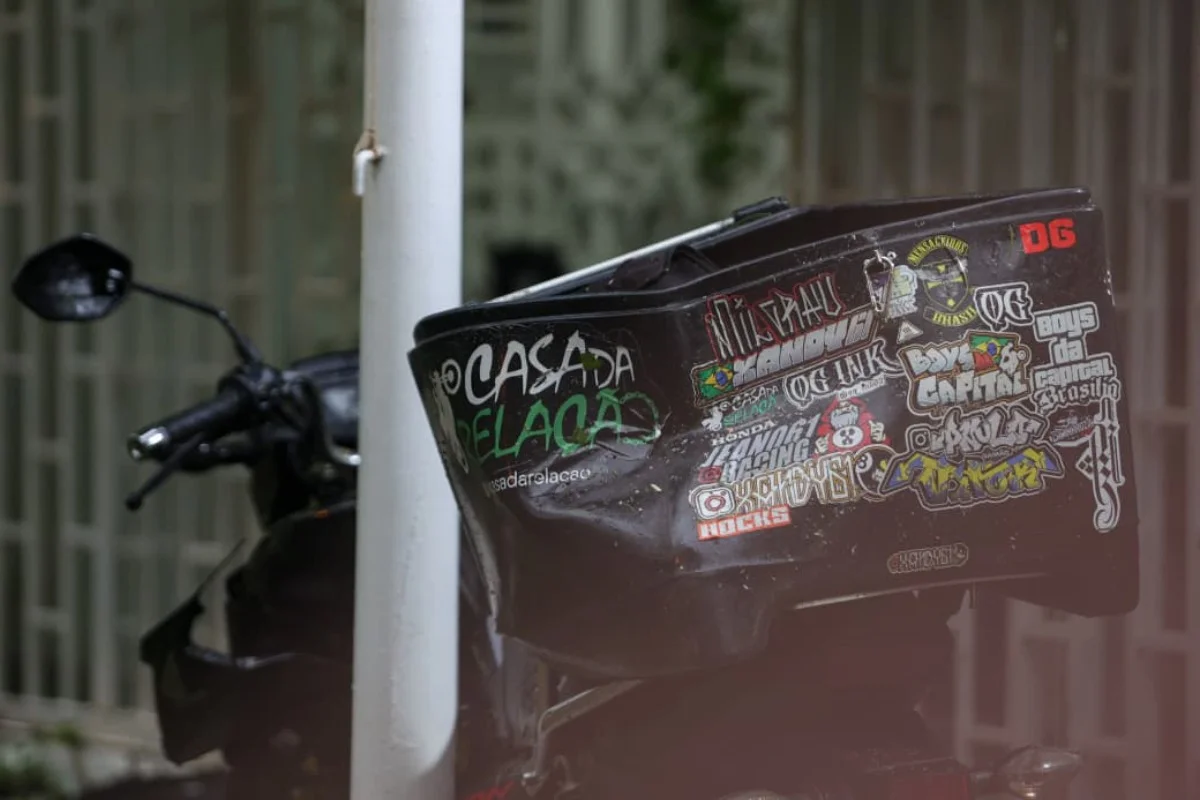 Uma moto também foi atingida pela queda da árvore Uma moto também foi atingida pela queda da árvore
===
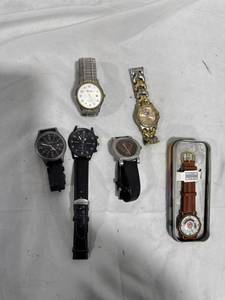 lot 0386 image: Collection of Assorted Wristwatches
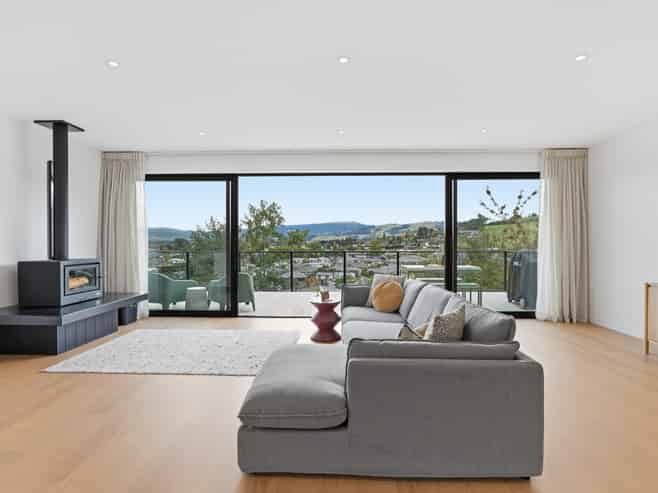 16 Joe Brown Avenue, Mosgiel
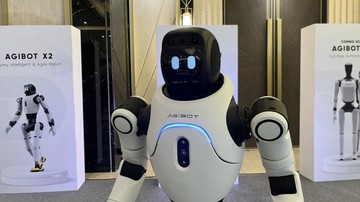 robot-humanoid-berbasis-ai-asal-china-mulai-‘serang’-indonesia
===
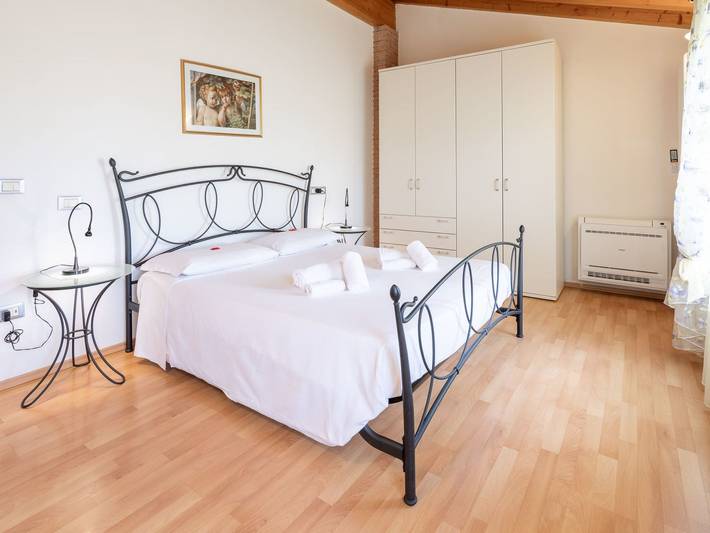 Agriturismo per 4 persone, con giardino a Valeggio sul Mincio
===
= ABOUT THIS TASK =
Start at the line above containing "16 Joe Brown Avenue, Mosgiel" and stop at the line containing "robot-humanoid": print those lines and everything between them exactly, but not the pictures.

= EXERCISE ANSWER =
 16 Joe Brown Avenue, Mosgiel
 robot-humanoid-berbasis-ai-asal-china-mulai-‘serang’-indonesia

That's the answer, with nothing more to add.